スタロドゥーブ公国の領土は正確には不明であるが、V.クチキン(ru)の説によれば、公国はクリャージマ川両岸に比較的広範囲の領地を有しており、クリャージマ川右岸ではネレフタ川(ru)からメテラ川の間を領有し、クリャージマ川左岸ではウヴォヂ川(ru)下流に達していたとされる。また公国の南端は、タラ川(ru)中流域のサルィエヴォ(ru)付近であったとされている。

歴史[編集]

スタロドゥーブ公国の最初の分離は、1217年から1718年ごろ、前ウラジーミル大公フセヴォロドの子ウラジーミルが所領を得て形成された。しかし10年後にウラジーミルが死亡すると、スタロドゥーブ公国は再びウラジーミル・スーズダリ大公国領に組み込まれた。

1238年、ウラジーミル大公ヤロスラフは世襲領(ヴォチナ(ru))として、先のスタロドゥーブ公ウラジーミルの弟・イヴァンにスタロドゥーブ公国を与えた。以降、イヴァンの子孫がスタロドゥーブ公国を継承・統治した。

14世紀半ばより、スタロドゥーブ公国にモスクワ大公国が食指を動かし始め、内政干渉が行われるようになった。

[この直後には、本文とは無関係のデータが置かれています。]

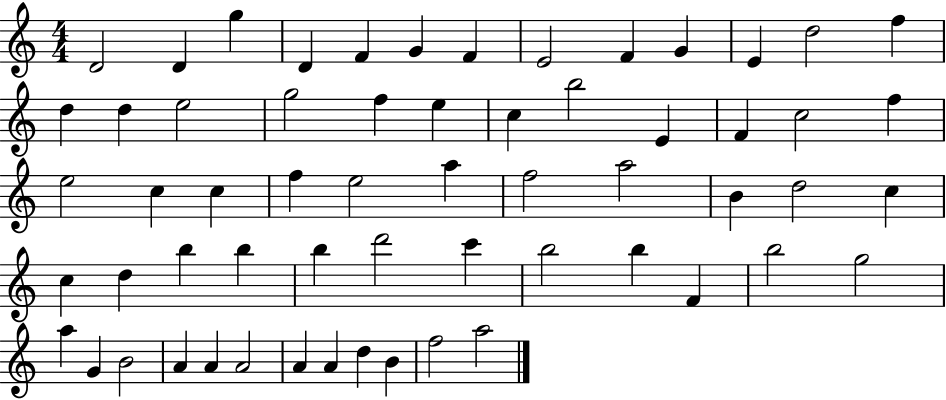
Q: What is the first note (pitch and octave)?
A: D4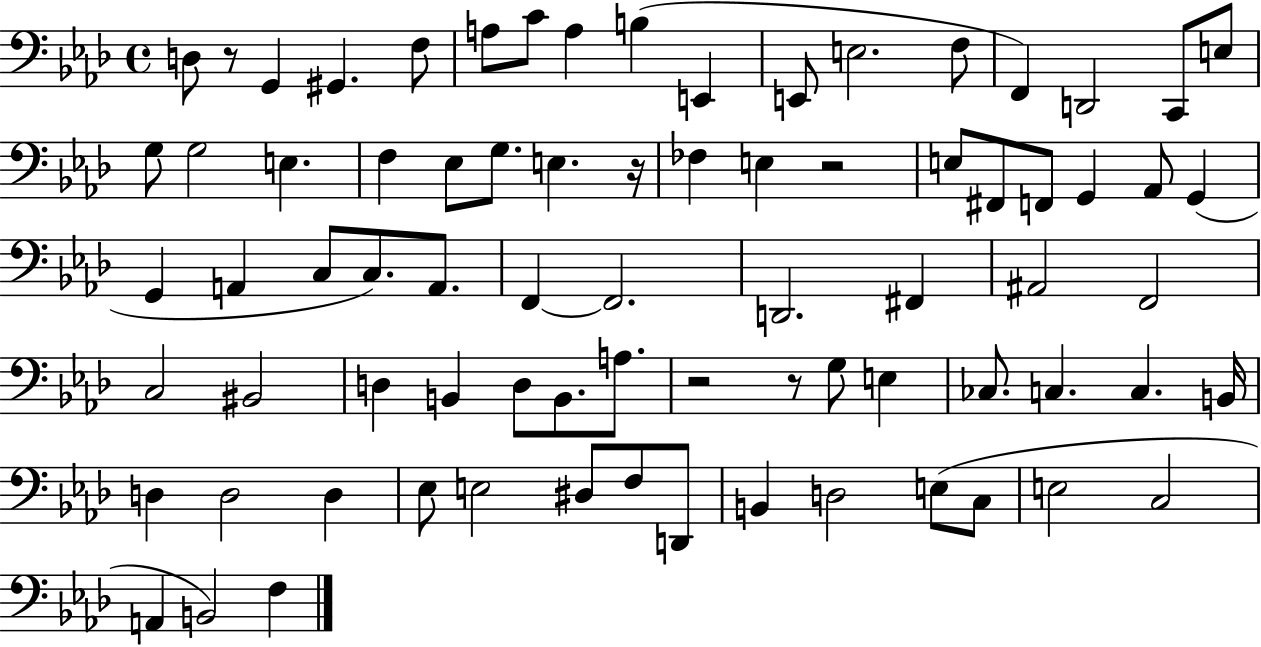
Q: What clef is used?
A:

ドミトリー(ru)、イヴァン(ru)ら14世紀半ばのスタロドゥーブ公は、ニジェゴロド公(後ウラジーミル大公)ドミトリー(ru)と同盟を結ぶが、政権闘争に敗れたニジェゴロド公ドミトリーは、1363年にモスクワ大公ドミトリー(後のドミトリー・ドンスコイ)によってウラジーミル大公位を追われた。スタロドゥーブ公イヴァンもこれに連座して、公位を弟のアンドレイ(ru)に譲り、自身はニジェゴロド公に仕える勤務公となった。アンドレイならびにスタロドゥーブ公国は、その権限をモスクワ大公によって減殺された。なお、公位自体はアンドレイの子孫が相続を続けており、系譜においては、ポジャルスキー家(ru)、ガガリーン家(ru)などの後世の貴族の家系は、スタロドゥーブ公の後裔と記されている。

14世紀末から15世紀初めにかけて、公国領は徐々に複数の分領地へと分裂していき、最終的には、最後のスタロドゥーブ公ウラジーミル(ru)の死後にモスクワ大公国に接収された。